The successful fishing techniques here in Southwest Florida are fairly standard, pilchards for snook; tipped jigs over chum for mackerel; shrimp on weighted jigs for snapper etc., etc.
But consider the ingredient that, for most of us non-natives now here, that were fishing aficionados elsewhere, we arrived here with a litany of successful learned fishing techniques for both fresh and salt water angling that were tailored to fit the locale.
Bass fishing was different than walleye fishing in the fresh. Striped bass fishing was radically different from chasing salmon in the salt etc., etc.
That, then leads us to the question of the day. Is there any chance that a technique unique elsewhere could deliver results here?
Well, stay tuned, for that’s the backdrop for this week’s saga.
Years back when gag grouper had a year around open season here, the fishing techniques for success on these delectable targets was either live bait to the bottom where reef structure was prevalent or to slow troll a artificial jointed plug over the same structure. If one technique wouldn’t work the alternative usually would.
One major difference, however, trolling a big jointed plug over structure and making turns with varied speeds would cause the plug to cruise through varying depths and inevitably it would snag (and usually be lost) on bottom structure; expensive and frustrating for both captain and customer.
So a couple of years back, when the shortened gag season opened here, I got a call from Jim, a long time seasonal customer whose home residence was in the Chicago area. He was making a mid-year summer visit here with family and wanted to set up a couple of morning trips nearshore for he and his grandsons.
The conversation ambled from how are you? To how’s the fishing? To are you getting any grouper?
Response to that was last inquiry was fairly negative. Explained the size limitations for both the gags and red grouper had increased. As I explained it,” lots of shorts, Jim, and we keep getting snagged on those shallower reefs.”
We booked a couple of morning trips and then the residual conversation went to a new level.
“I remember you telling me that you fished Lake Michigan when you lived up here targeting salmon and trout”
“Correct, Jim … just weekends on the Big Lake,” was my response.
“Did you use a downrigger trolling for the big ones,” was his unusual question
“Yes, all the time” was my response.
The conversation went from his interest in slow trolling for gag grouper here and could we substitute a downrigger, and using it, could we maintain a steady lure depth here?
Stopped me cold.
Had never thought of that technique but still had the equipment installed on the boat.
To digress. A downrigger is a fixed piece of equipment installed on the stern of a boat. The key equipment is a large reel of heavy wire to which a 10-pound weight is attached. You feed out 15-20 ft of line from your fishing reel with lure attached and then clip the paid out line to the weighted wire. The reel is then manually activated and you let out the wire to the depth you want the lure to be run at; walla!
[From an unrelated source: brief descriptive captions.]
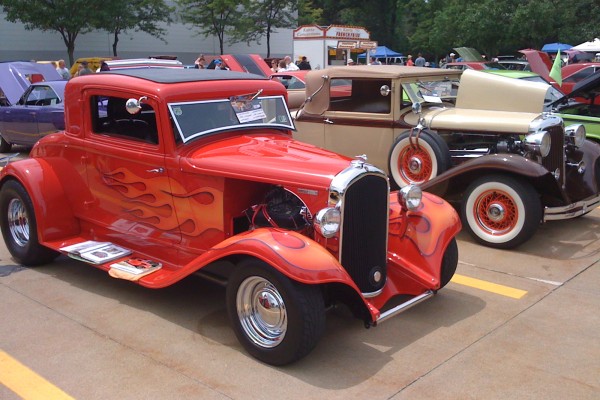 a pair of vintage plymouth prewar hot rods at a car show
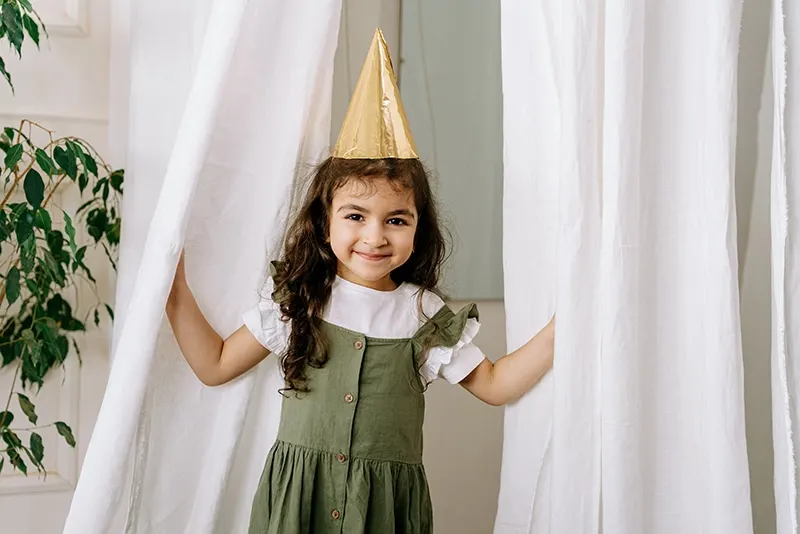 kleines Mädchen mit Partyhut, das zwischen Vorhängen steht
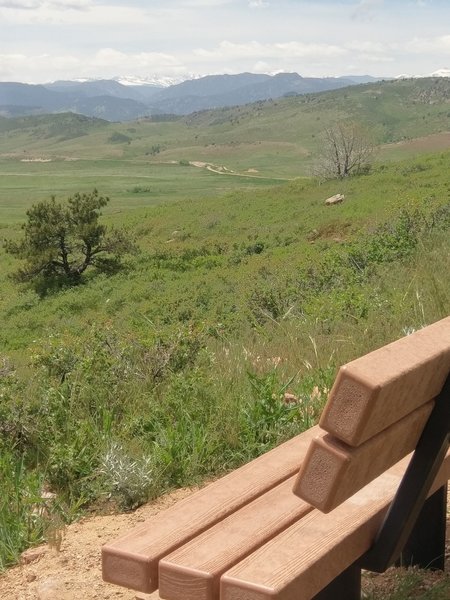 Snowy peaks in the distance from this well-placed bench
Your lure is trolled at consistent depth no matter how many twists and turns you make as long as you maintain a constant speed.
“Jim. I still have all the equipment. We’ll try it. Hurry down!”
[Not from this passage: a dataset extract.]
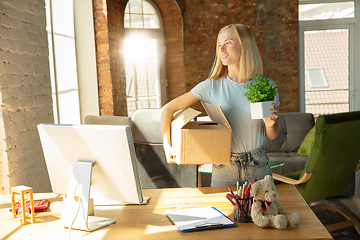 Image showing A young businesswoman moving in office, getting new work place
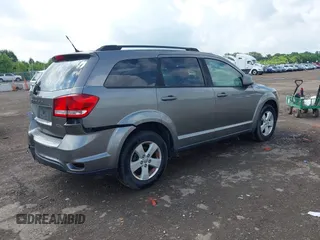 2012 Dodge Journey SXT with VIN 3C4PDDBG2CT146220, listed as a IAAI auction lot 42661371 with 103,378 mi miles and . Bid and sale history available at DreamBid. Image 4.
Our first trip, unfortunately, faced some raucous wind that left the Gulf roughed up and we spent our first hours in the sheltered backwater catching some nice snapper for the kids and practicing with the downrigger which I had installed for familiarization and practice.
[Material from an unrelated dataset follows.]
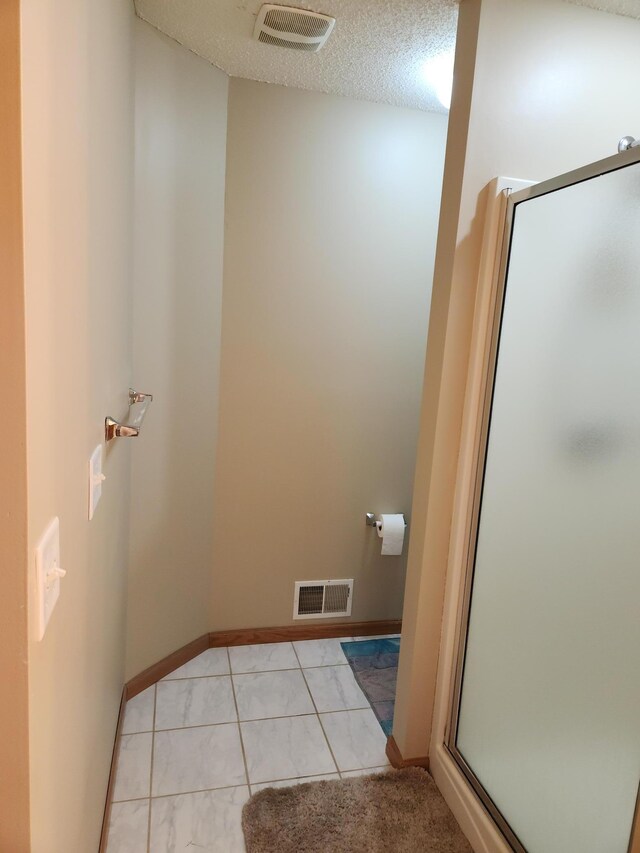 7721 Elm Grove Ave, New Hope, MN 55428 - full bathroom with a shower stall, tile patterned flooring, baseboards, and a textured ceiling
After an hour or so of practice we were confident that with some placid conditions the downrigger would work nearshore.
The next couple of days were endless hours for both Jim and I as we waited for nearshore conditions to settle down. Finally our day arrived. It would be just Jim and I; the kids were “beaching it.”
We arrived on station on the First Reef mid-morning amidst a couple foot residual swells left over from the big blow. Not perfect but good enough to give our experiment a chance.
We set up and tested the downrigger in 25 ft. over rough artificial reef bottom. Our lure was a 6” jointed Rapala with dominant red and silver colors; Jim ran out about 50’ of 30# mono and we clipped the line firmly to the downrigger wire and let it down 18ft confirmed by the reef depth counter.
We got underway at four knots running with the incoming tide. Jim on the rod and me at the helm.
Nothing for the first 10 anxious minutes and then the rod sprung skyward as the reel drag began to scream. Jim adjusted the drag and I put the engine in neutral and cranked up the downrigger ball.
It was a struggle for Jim, so we slowly backed down on the hundred yards of line run out. The fight now was the same as any major fish attempting escape; running right and left and surging frequently.
The ensuing 15 minutes until we had this nice gag grouper alongside seemed like an eternity but all of a sudden there it was; equally as whipped as Jim. We got it aboard and on the measuring board; 24” gag grouper in the neighborhood of eleven pounds.
We were all (grouper included) thrilled when we photographed and revived the gag alongside and released. There would be plenty more with our new technique.
On the way home, I replayed the Lowrance fishfinder chip and you could see the point of the strike just a couple feet above the reef. Had we used traditional trolled line technique we would have snagged the reef and lost the plug.
Congratulated Jim on his idea.
Downrigger gear still aboard but seldom used with my contemporary affinity to backwater fishing these days.